[RECORDS FOR THIS EXERCISE]
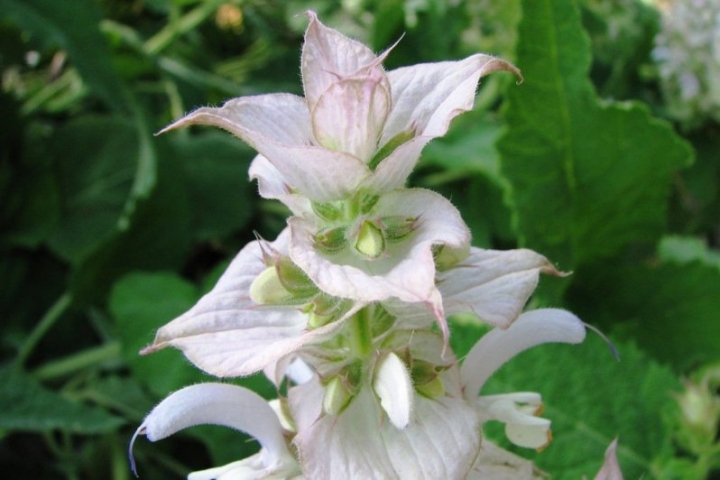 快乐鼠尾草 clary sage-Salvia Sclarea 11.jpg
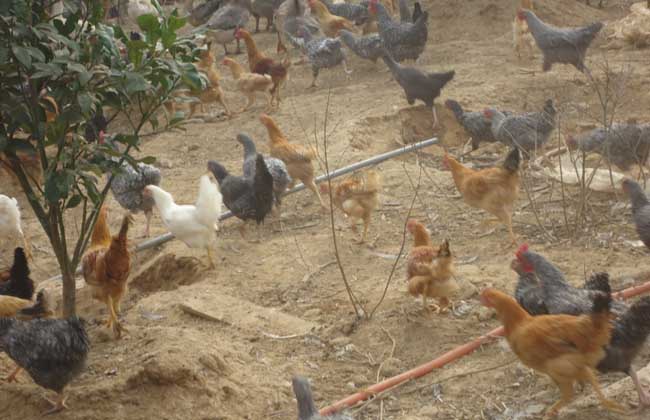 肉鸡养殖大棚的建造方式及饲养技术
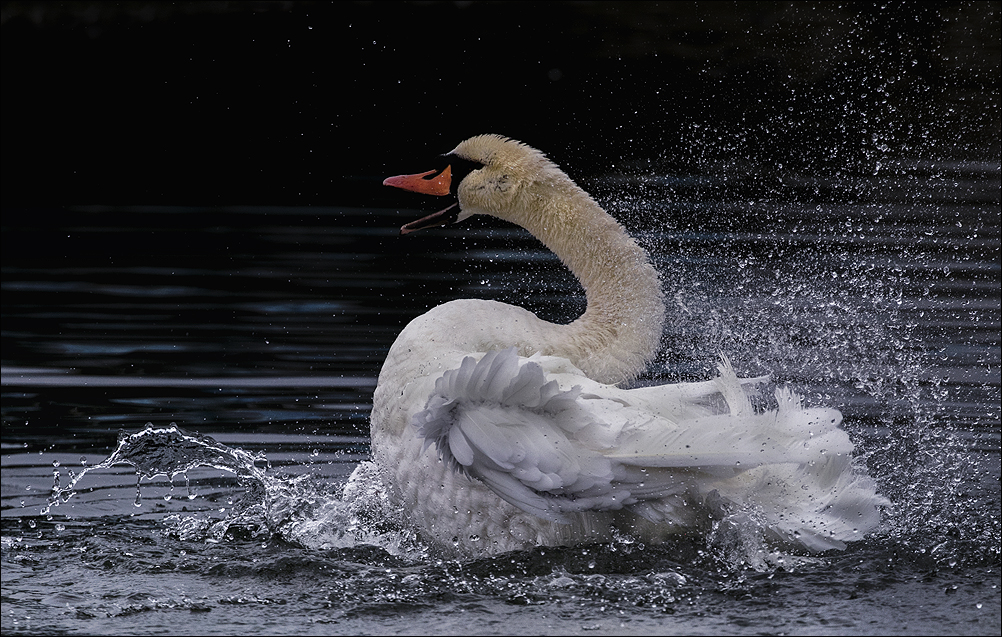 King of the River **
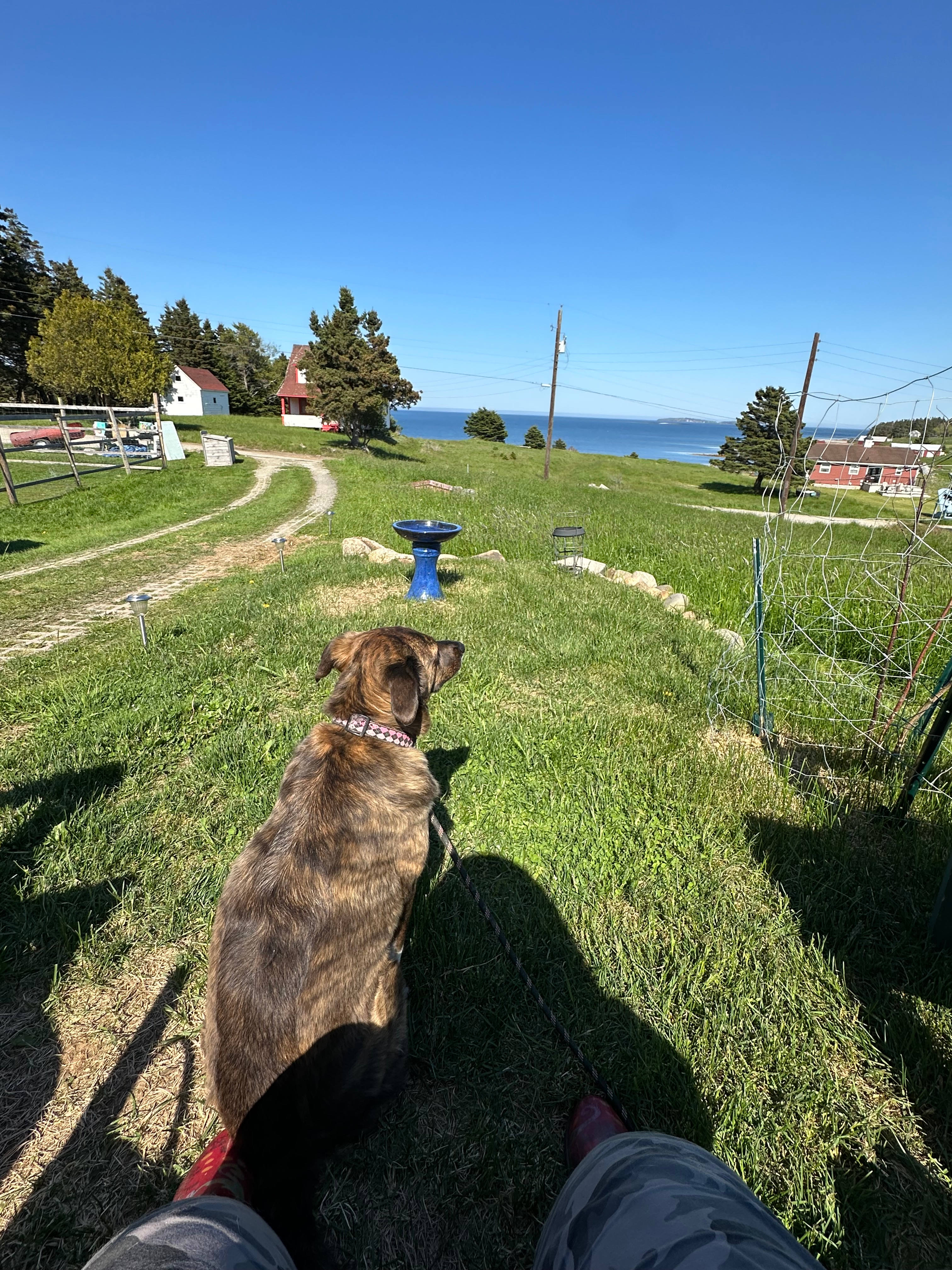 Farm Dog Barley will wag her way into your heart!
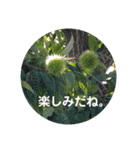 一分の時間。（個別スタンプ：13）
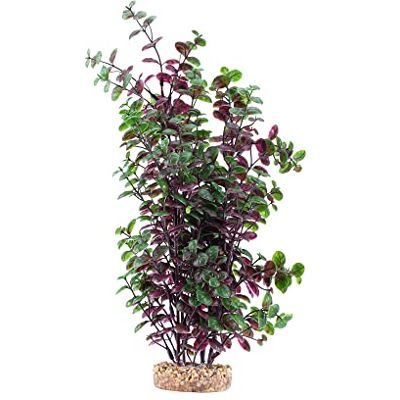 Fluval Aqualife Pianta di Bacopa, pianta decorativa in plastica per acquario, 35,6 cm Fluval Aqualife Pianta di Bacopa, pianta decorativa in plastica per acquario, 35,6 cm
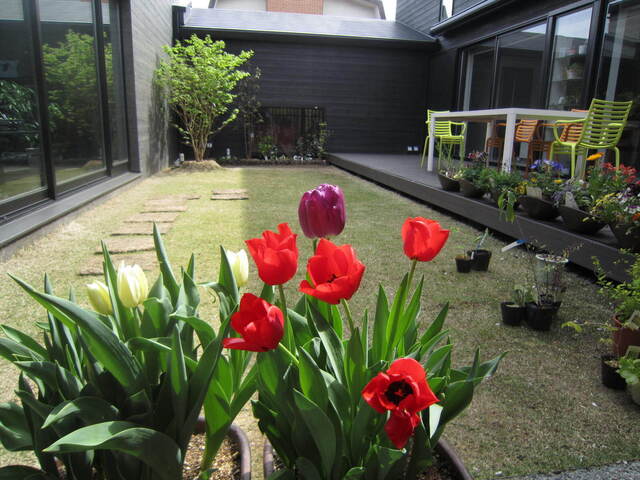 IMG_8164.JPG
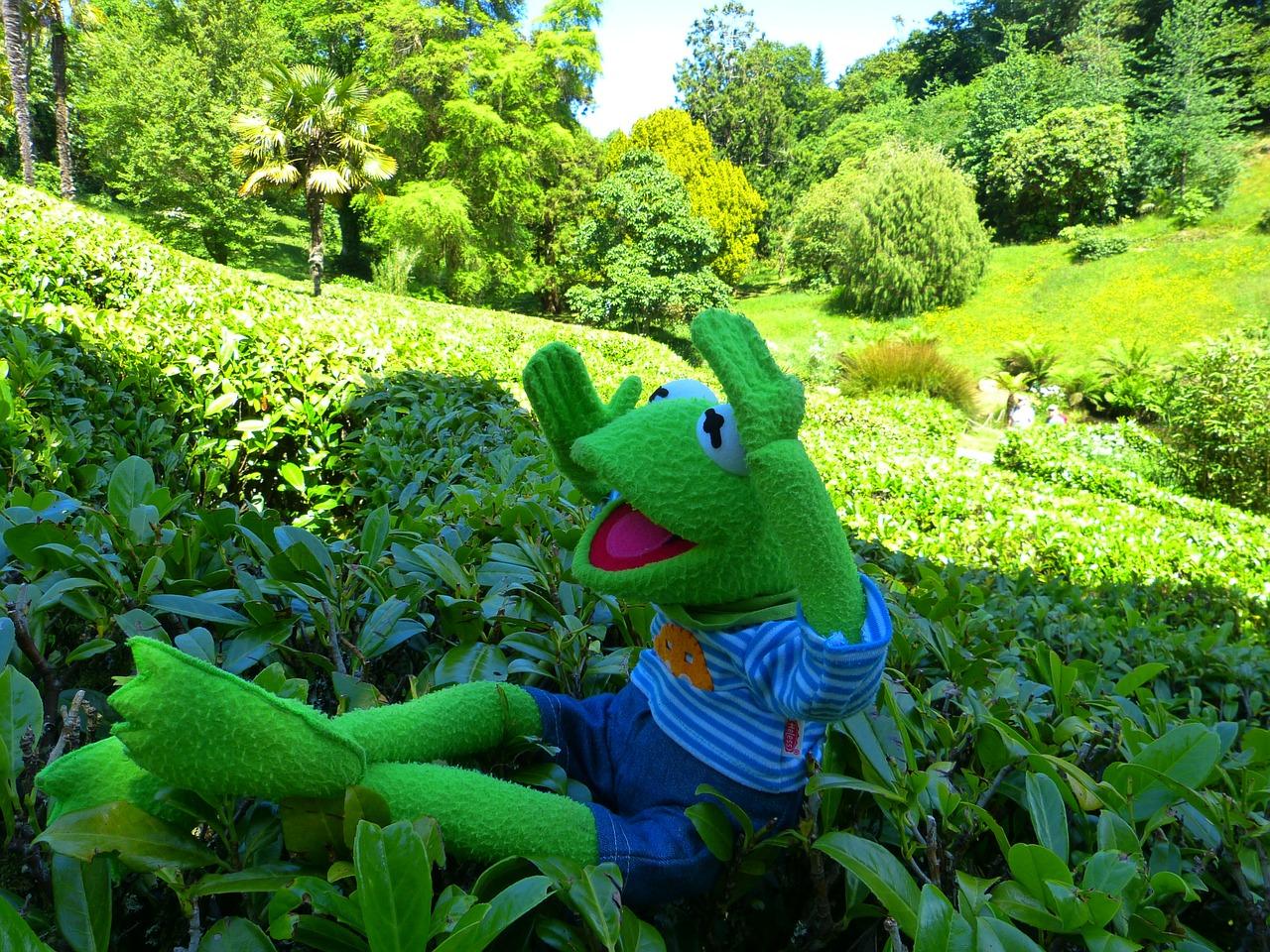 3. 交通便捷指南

[WORK ORDER] Transcribe exactly the lines that go from the one holding "Farm Dog Barley" through the last line of the entries, both included, and nothing besides them. Do not include any pictures.

[ANSWER TO THE EXERCISE]
 Farm Dog Barley will wag her way into your heart!
 一分の時間。（個別スタンプ：13）
 Fluval Aqualife Pianta di Bacopa, pianta decorativa in plastica per acquario, 35,6 cm Fluval Aqualife Pianta di Bacopa, pianta decorativa in plastica per acquario, 35,6 cm
 IMG_8164.JPG
 3. 交通便捷指南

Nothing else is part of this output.